As Moonbeam is designed to be an Ethereum-compatible parachain on Polkadot, the underlying account system replaces the default Substrate-style accounts and keys with Ethereum-style accounts and keys. As a result, you can interact with your Moonbeam account using MetaMask and Ethereum tools you may already be familiar with, such as Remix and Hardhat.
You can also interact with your Moonbeam account using Polkadot.js Apps as it natively supports H160 addresses and ECDSA keys. For more information on this integration, you can check out the Interacting with Moonbeam Using Polkadot.js Apps guide.
Substrate EVM Compatible Blockchain¶
Any parachain in the Polkadot ecosystem can offer a full EVM implementation, which provides the possibility of executing Solidity-based smart contracts with minimal to no changes. Substrate makes this integration possible - just plug the EVM pallet into your runtime for EVM support, and the Ethereum Pallet with Frontier to have Ethereum RPC compatibility. The availability of these open-source modules that Moonbeam has developed with Parity has led multiple parachains to offer Ethereum compatibility on their chains.

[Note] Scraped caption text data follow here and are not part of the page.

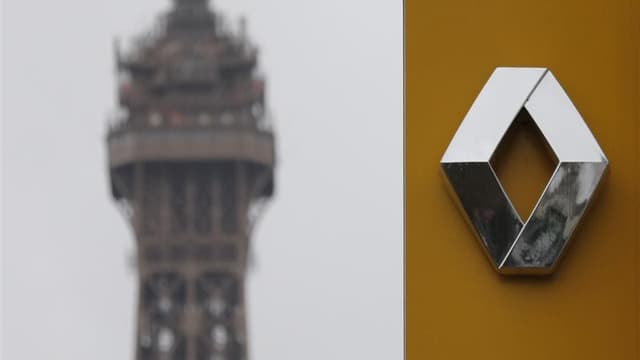 Arnaud Montebourg a assuré jeudi qu'il était impossible que Renault menace de fermer des sites en France dans le cadre des négociations en cours sur un plan de compétitivité avec ses syndicats, ayant pris des engagements contraires auprès du gouvernement.
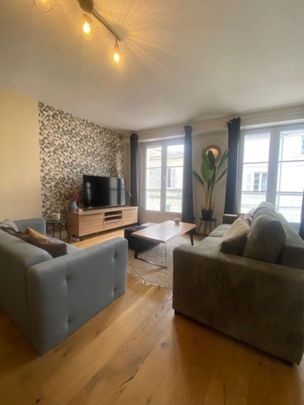 Location appartement 2 pièces, 68.02m², La Rochelle - Photo 1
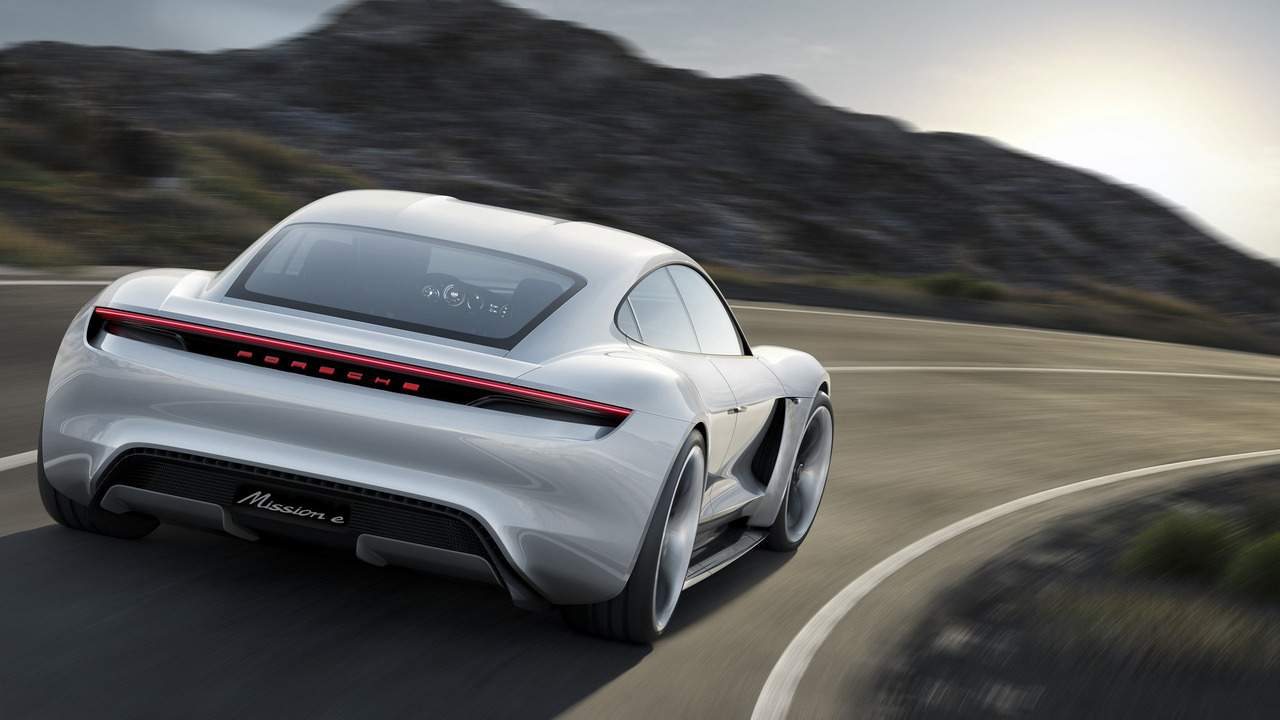 Porsche Mission E-Konzept 2015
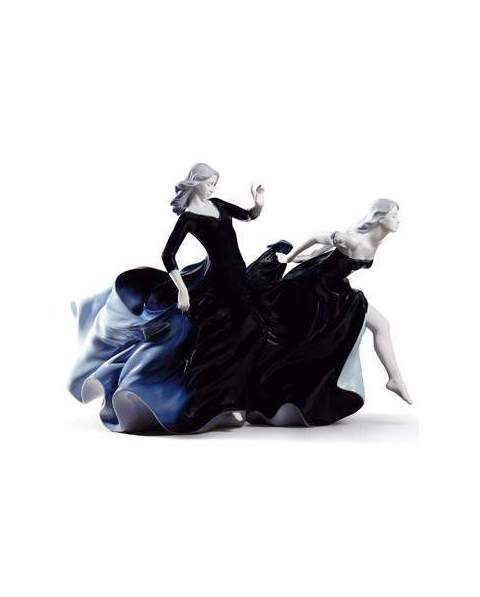 Lladro 1008741 NIGHT APPROACHES 1008741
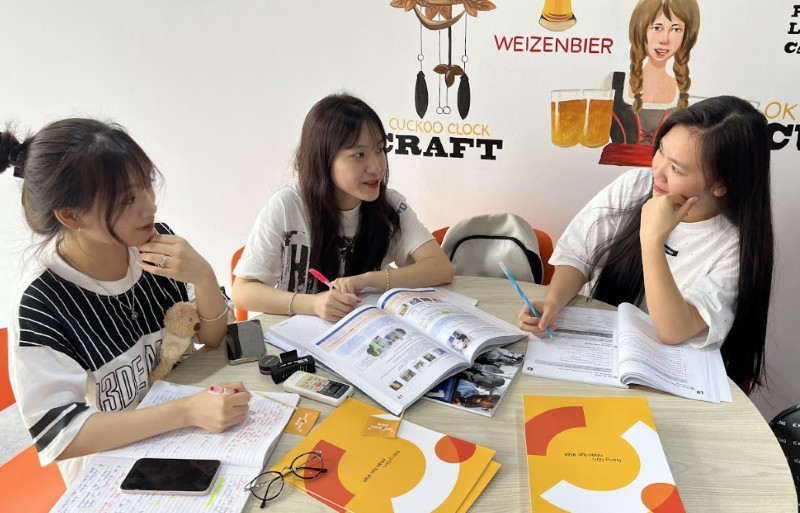 Môi trường sống an toàn và ổn định như ở Đức sẽ giúp các bạn nữ yên tâm học tập và trải nghiệm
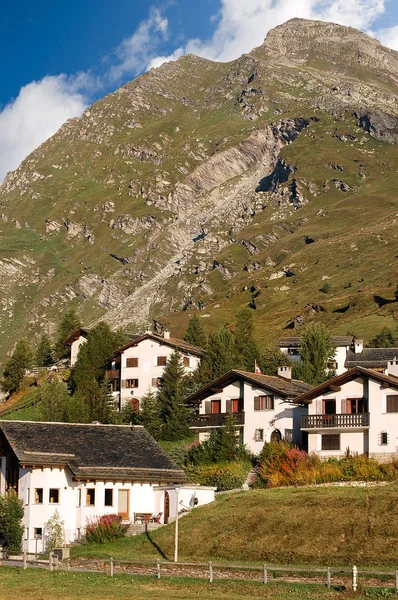 阿尔卑斯山-恩加丁谷瑞士 — 图库照片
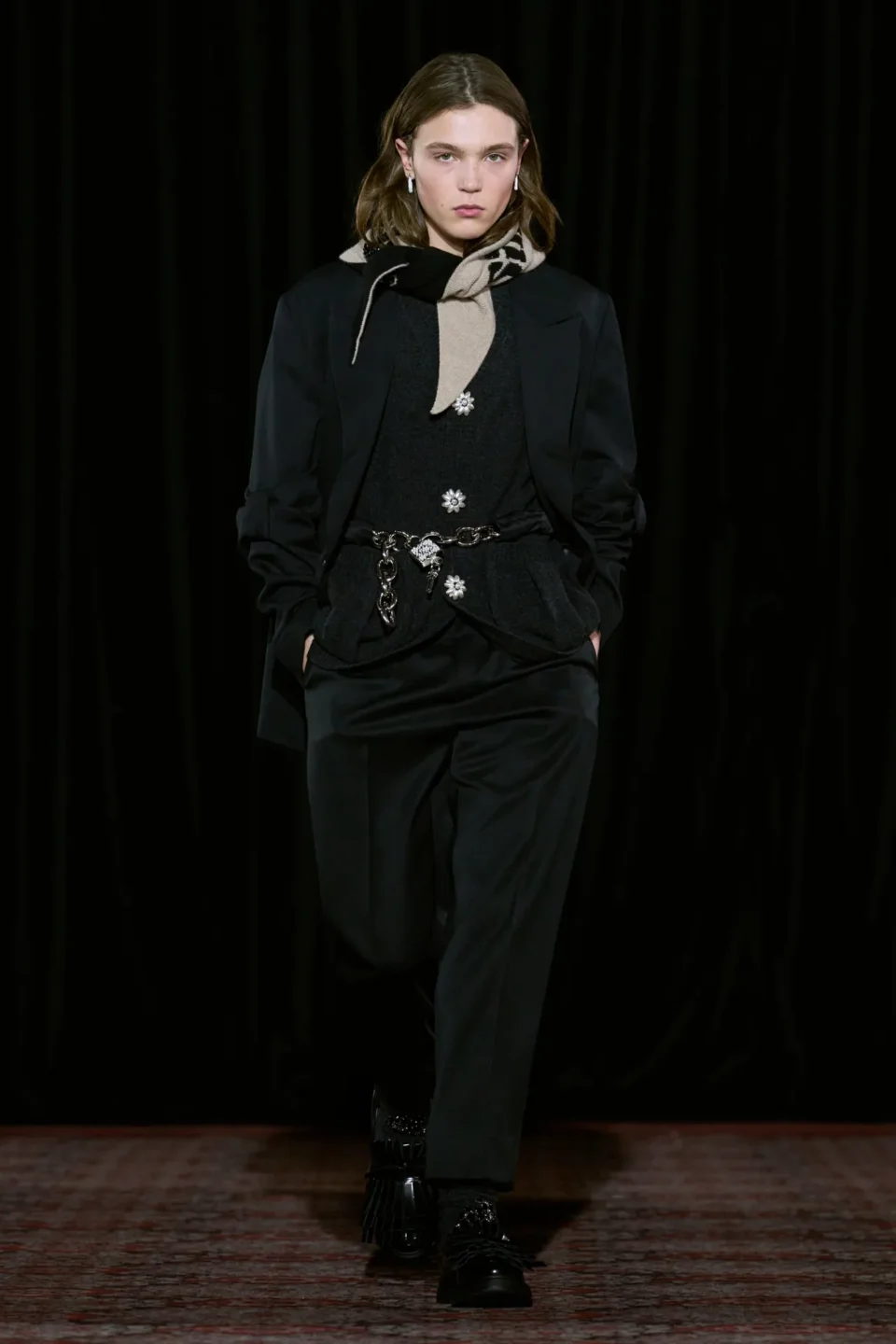 00031-simone-rocha-fall-2025-ready-to-wear-credit-gorunway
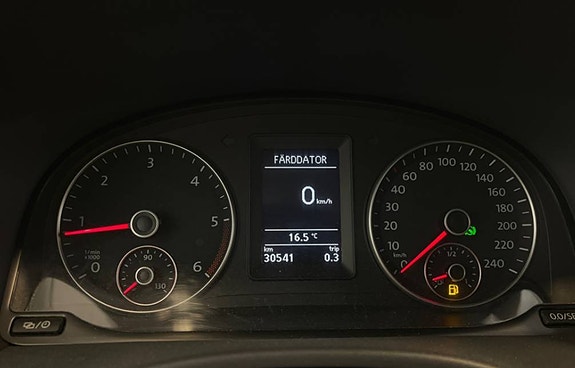 Volkswagen Caddy Maxi 12 of 16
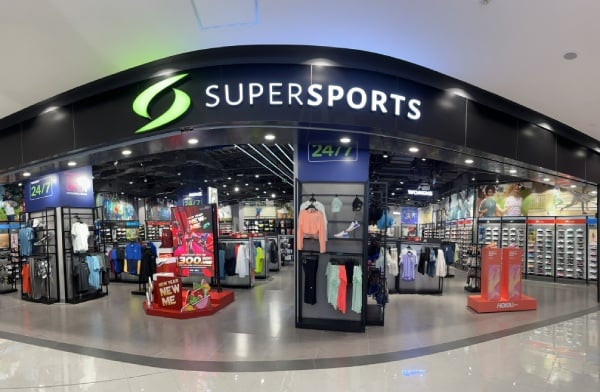 Gian hàng giày thể thao Supersports với nhiều mẫu sneaker hiện đại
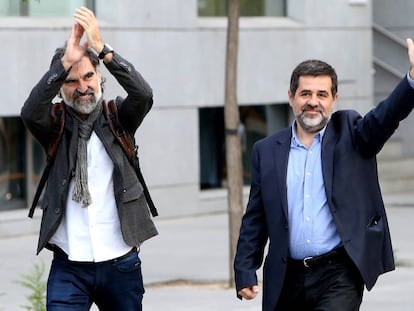 Jordi Cuixart (izquierda) y Jordi Sánchez, a su llegada a la Audiencia Nacional en 2017.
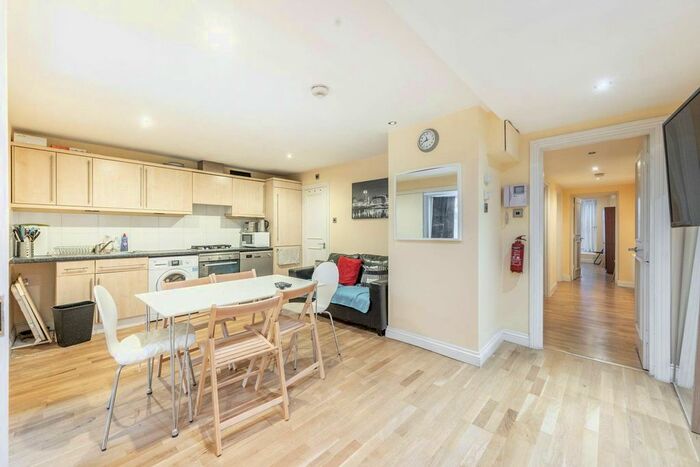 4 Bedroom Flat To Rent In Collingham Place, Earls Court, London, SW5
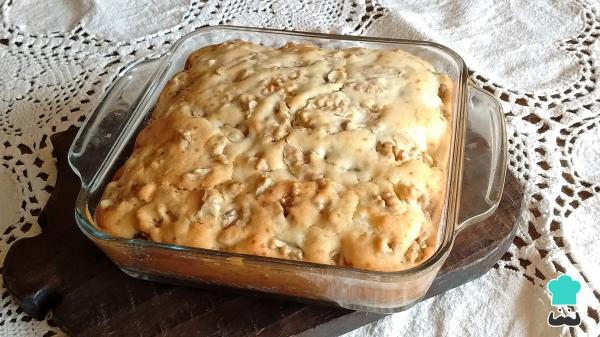 Recette de Gâteau au yaourt, aux pommes et aux noix - Étape 8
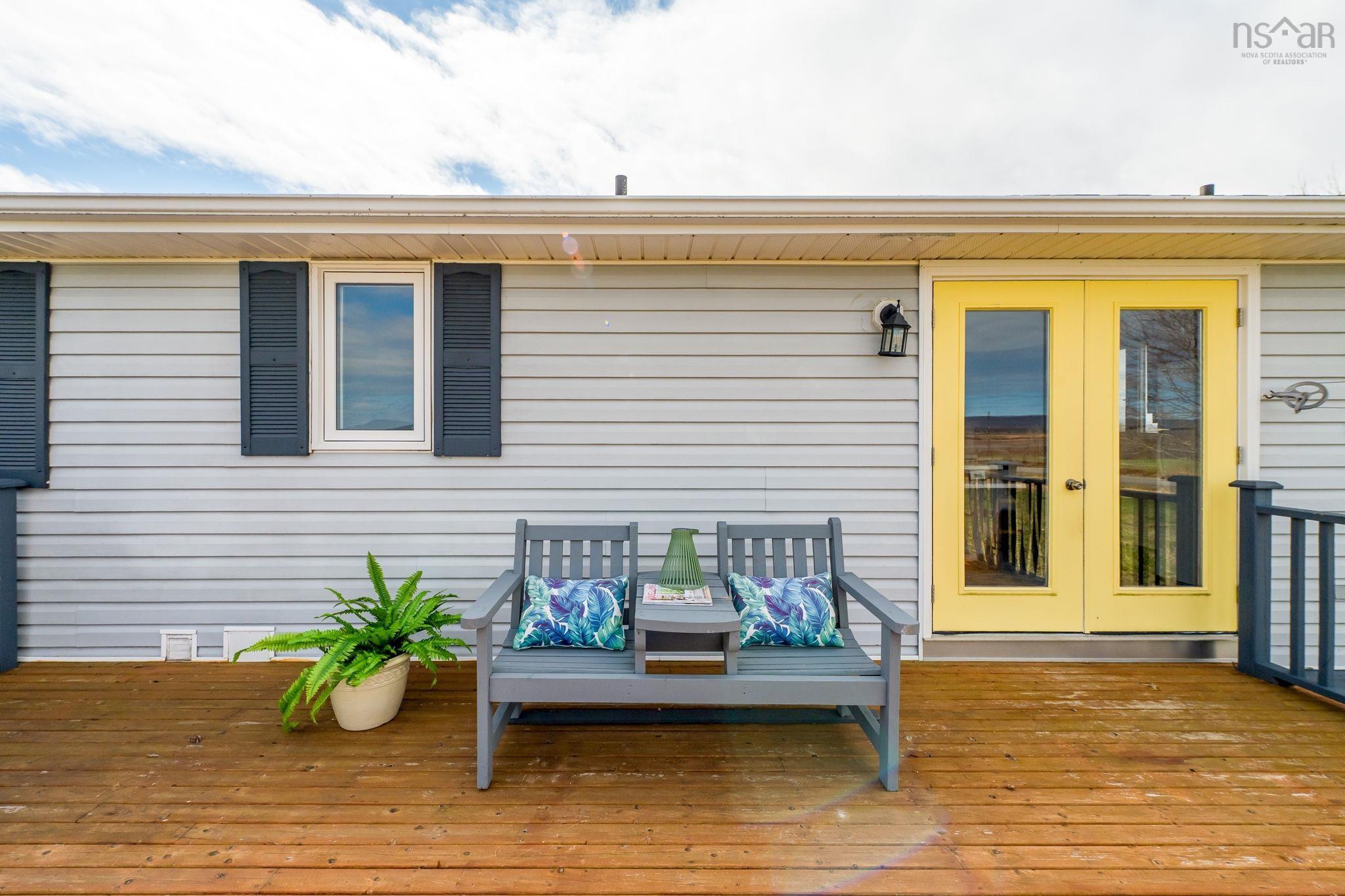 $599,900.00: 789 Canard Street, Lower Canard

But there is an important catch. With the configuration described above, a user, for example, Alice, can have an Ethereum-style address (H160 format), which is 40+2 hex-characters long, in a Substrate based chain. This address matches a private key, which can be used to sign transactions in the Ethereum side of the chain. Furthermore, the address is mapped into a storage slot inside the Substrate Balance pallet to a Substrate-style address (H256 format).
However, Alice only knows the private key of the H160 address, and not of the mapped version. Therefore, she is unable to send transactions with her H256 address and is limited only to do read-only operations through Substrate’s API. As a consequence, Alice needs another H256 address matching a different private key to be able to operate in the Substrate side of the chain, which include, among others, staking, balances, and governance.
The following diagram illustrates this configuration.
This can creates friction and a poor user experience for Alice. First, she has to move tokens to her H160 mapped H256 address to be able to make transactions and deploy contracts through the EVM. Second, she also needs to hold a balance in her other H256 address (which she has a different private key for) to use Substrate-based features. So in short, Alice needs a minimum of two private keys to have the best of both worlds.
Moonbeam Unified Accounts¶
Moonbeam’s focus is to create a fully Ethereum-compatible environment on Polkadot with the best user experience possible. This extends beyond the base Ethereum feature set, with additional features such as on-chain governance, staking, and cross-chain integrations.
With unified accounts, a user, for example, Bob, will only need a single H160 address, with its corresponding private key, to do everything we mentioned above, including both EVM and Substrate functions.
The diagram for this new configuration looks as follows.
That is it, Bob only holds one private key that matches one address. He does not need to move balances between 2 different accounts and is able to access all the features with a single account and private key. We have standardized this single account to conform to the Ethereum-style H160 address and ECDSA key standards.